The eighth factor grouped Ca, Mg, Al, Fe, Sr and Ba. The percentage apportioned for these species to this factor ranged from 50 % to 80 %. All species associated with this factor are related to crustal material. This factor showed a contribution six times higher than mean value in three periods; September - October 2004 and March 2005. During these days, three long-range transport processes of desert dust from Sahara were registered (Gómez-Comino and Artiñano, 2006; Salvador et al., 2008). These dust transported from Sahara Desert have been extensively analysed (Nicolás et al., 2008; Amato et al., 2009; Viana et al., 2010) In light of the above, factor #8 has been allocated as dust soil.
Factor #9 explains 50 - 70 % of the alcohols and acids with less than 20 atoms of carbon. According to previous works, these alcohols are associated with microbiological emissions (Zheng et al., 2000; Alves et al., 2001; Pio et al., 2001b); meanwhile acids with less than 20 atoms of carbon are linked with microbiological emissions as well as anthropogenic emissions such as cooking (Rogge et al., 1993; Pio et al., 2001a; Schauer et al., 2001; Almeida Azevedo et al., 2002; Hays et al., 2002; Radzi Bin Abas et al., 2004; Hays et al., 2005; Oliveira et al., 2007). However, factor#6 grouped cooking emissions, and therefore the hypothesis that factor #9 represents mainly a biogenic source is very likely.
3.1.2. Model performance
The ability of the PMF model to reproduce the measured PM2.5 concentration was performed by comparison between concentrations measured and modelled. The 89 samples of concentrations measured vs. modelled were plotted in Figure 3. The correlation coefficient was 0,99, indicating that the 9 factor solution account for the variation in mass concentration of species. The slope of the correlation curve was 1.02, which implies the PMF model overestimates slightly concentrations.

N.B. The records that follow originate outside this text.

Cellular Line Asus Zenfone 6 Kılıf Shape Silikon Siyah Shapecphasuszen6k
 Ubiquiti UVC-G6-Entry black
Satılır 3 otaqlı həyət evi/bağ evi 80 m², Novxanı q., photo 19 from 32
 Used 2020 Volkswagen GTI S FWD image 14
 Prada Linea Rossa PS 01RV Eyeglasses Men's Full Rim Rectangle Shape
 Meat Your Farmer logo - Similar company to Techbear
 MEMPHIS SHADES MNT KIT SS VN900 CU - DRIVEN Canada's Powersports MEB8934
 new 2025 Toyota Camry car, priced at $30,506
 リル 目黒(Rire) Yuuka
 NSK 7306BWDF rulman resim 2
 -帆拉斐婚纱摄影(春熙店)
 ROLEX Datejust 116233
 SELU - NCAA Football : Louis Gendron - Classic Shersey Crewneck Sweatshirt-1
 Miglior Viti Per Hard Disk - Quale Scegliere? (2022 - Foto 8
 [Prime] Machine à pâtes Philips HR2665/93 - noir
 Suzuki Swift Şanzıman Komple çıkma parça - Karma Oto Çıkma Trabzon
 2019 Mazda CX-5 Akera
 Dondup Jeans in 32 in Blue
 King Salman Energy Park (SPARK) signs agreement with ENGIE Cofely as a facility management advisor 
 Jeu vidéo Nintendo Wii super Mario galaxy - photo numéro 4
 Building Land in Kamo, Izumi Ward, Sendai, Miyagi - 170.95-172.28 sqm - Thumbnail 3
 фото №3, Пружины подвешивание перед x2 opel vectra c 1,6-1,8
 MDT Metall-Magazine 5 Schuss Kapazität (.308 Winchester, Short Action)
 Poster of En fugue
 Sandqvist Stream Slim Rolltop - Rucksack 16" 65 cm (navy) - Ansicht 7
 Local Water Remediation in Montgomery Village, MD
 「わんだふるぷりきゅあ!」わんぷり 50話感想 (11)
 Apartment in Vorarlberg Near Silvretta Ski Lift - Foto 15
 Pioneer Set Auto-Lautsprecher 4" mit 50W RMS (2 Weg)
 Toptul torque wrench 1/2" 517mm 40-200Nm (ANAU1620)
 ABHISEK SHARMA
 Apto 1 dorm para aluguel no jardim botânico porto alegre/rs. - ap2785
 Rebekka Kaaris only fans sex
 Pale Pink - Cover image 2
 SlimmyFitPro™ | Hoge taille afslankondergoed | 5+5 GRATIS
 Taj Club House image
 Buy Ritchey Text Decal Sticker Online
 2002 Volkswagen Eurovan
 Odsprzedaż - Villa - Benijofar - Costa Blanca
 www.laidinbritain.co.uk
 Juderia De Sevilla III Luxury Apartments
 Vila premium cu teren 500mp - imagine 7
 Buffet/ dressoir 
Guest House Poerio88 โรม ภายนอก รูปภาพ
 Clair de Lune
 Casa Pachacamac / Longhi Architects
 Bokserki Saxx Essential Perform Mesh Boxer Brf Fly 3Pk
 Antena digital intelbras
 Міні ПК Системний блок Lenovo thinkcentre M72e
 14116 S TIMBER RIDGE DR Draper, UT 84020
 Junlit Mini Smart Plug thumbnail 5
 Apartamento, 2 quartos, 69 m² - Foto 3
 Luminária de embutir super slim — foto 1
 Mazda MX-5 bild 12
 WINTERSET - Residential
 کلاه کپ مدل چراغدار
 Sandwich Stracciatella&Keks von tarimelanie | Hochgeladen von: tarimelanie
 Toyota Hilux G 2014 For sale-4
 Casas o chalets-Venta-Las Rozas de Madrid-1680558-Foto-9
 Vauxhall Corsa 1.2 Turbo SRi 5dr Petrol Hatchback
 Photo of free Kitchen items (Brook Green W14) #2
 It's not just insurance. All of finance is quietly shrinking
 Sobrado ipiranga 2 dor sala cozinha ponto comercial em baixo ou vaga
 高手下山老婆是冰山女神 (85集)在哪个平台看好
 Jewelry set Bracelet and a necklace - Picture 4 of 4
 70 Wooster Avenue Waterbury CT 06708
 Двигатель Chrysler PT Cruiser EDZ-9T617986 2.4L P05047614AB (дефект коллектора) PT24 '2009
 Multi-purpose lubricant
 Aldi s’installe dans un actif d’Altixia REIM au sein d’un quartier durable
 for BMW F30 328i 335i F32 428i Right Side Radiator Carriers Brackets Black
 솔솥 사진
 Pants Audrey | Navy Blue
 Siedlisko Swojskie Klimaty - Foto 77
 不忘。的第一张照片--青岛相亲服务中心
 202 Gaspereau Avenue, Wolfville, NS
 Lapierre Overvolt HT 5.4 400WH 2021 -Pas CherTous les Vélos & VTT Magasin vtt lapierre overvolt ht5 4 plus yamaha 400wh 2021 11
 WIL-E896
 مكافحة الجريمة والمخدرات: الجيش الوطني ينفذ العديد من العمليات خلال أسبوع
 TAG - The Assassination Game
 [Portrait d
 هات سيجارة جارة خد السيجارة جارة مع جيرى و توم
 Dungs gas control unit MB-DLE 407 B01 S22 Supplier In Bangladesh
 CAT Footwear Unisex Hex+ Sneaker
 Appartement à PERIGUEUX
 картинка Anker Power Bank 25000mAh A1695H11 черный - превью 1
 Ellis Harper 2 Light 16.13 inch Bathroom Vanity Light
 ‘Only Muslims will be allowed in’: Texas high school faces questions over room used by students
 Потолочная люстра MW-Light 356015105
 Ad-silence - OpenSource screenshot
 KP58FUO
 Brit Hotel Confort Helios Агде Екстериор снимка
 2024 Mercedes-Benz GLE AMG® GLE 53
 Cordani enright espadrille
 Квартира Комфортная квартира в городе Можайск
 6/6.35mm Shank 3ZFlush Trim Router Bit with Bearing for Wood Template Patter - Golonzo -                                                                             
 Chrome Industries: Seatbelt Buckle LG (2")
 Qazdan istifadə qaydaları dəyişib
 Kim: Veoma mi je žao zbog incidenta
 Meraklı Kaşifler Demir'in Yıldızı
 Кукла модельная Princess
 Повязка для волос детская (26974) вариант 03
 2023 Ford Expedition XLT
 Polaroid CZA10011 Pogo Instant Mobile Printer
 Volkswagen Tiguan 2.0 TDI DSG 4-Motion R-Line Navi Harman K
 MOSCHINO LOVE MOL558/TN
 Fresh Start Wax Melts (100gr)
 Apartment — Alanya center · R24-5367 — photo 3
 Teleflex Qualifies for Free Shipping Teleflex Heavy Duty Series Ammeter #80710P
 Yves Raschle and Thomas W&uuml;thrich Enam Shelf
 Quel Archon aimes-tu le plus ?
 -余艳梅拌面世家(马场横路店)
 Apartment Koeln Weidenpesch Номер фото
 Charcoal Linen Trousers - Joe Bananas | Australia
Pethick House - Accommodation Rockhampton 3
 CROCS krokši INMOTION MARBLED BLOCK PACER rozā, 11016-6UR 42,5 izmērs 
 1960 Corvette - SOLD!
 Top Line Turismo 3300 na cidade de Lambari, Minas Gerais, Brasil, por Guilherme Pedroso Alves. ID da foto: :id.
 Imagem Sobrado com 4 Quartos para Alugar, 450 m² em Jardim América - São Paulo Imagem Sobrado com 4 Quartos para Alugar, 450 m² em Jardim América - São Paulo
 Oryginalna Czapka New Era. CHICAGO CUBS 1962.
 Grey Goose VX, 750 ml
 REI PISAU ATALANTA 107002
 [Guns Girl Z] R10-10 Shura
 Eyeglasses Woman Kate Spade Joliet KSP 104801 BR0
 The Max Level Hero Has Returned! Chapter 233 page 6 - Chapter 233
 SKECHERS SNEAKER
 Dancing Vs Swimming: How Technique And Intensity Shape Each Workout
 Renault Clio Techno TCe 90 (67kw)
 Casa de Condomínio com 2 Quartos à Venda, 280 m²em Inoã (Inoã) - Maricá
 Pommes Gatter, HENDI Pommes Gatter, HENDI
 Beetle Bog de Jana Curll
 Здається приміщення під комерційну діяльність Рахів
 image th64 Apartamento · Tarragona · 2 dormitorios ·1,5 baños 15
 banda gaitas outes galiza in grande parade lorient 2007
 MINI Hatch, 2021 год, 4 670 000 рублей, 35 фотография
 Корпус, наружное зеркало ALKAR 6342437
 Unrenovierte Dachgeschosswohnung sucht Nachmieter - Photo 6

Chemical composition data of fine aerosol collected from May 2004 to April 2005 in Chapinería (Spain) were analyzed by the PMF method to estimate and evaluate the contributions of possible emissions sources. Chemical characterization included five major ions, 11 species of trace elements, TC, more than 90 organic compounds, including alkanes, PAHs, alcohols and acids. Inclusion of inorganic components as well as carbonaceous fraction gives better model fit. Comparisons with source profiles were used to associate PMF factors with specific source classes. As result, nine factors were identified including wax plants, combustion processes, secondary nitrate, secondary sulphate, secondary organic aerosol, cooking process, uncompleted fossil fuel combustion, dust soil and biogenic emissions. Six of these factors are related to primary emissions and three of them are categorized as secondary aerosol. In light of these results, although the sampling area was considered a rural area, a clear influence of anthropogenic emissions was found, which points clearly Chapinería as a semi rural area.
This work exhibited the usefulness of PMF to identify and interpret emission sources, although some evidence of uncertainties remains and further research is needed to ensure that sources identified are robust enough.